Las Vegas Sun

April 23, 2024

EDITORIAL:

Regents can help heal old wounds by green-lighting med school building

Now that the calendar has switched over to 2020, one of the reasons for optimism about the coming year is the new plan for construction of an instructional building for the UNLV School of Medicine.

This proposal is a grand slam for Southern Nevada and the entire state. Modeled after plans that have yielded success in metros across the nation, it involves creation of a private nonprofit development corporation that will construct the building and lease it to the university for $1 a year. The vast majority of funding will come from donors, who have already committed $155 million toward the project. The state will contribute $25 million in public funding that was committed to the medical school in 2015.

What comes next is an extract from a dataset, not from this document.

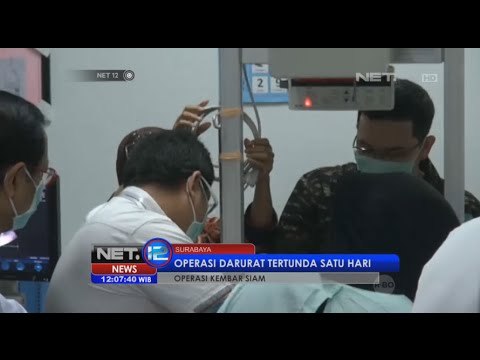 Bayi kembar siam Aldi dan Aldo jalani operasi pemisahan di RSUD Dokter Soetomo Surabaya - NET12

The building will be transformational for Southern Nevada and, in turn, the state. Once finished, it will allow the med school to double its class size to 120 per year, which will help the region meet a demand for high-quality physicians. And by improving the health care system in the area, the enlarged school will strengthen Clark County’s ability to draw new businesses and residents, which will boost state tax revenues and thereby benefit Nevadans from border to border.

No wonder leadership is galvanized in support of the plan, including Gov. Steve Sisolak, state Senate Majority Leader Nicole Cannizzaro, Assembly Speaker Jason Frierson, Clark County Commission Chairwoman Marilyn Kirkpatrick, UNLV Interim President Marta Meana and the medical school’s former and current deans, Barbara Atkinson and John Fildes, respectively.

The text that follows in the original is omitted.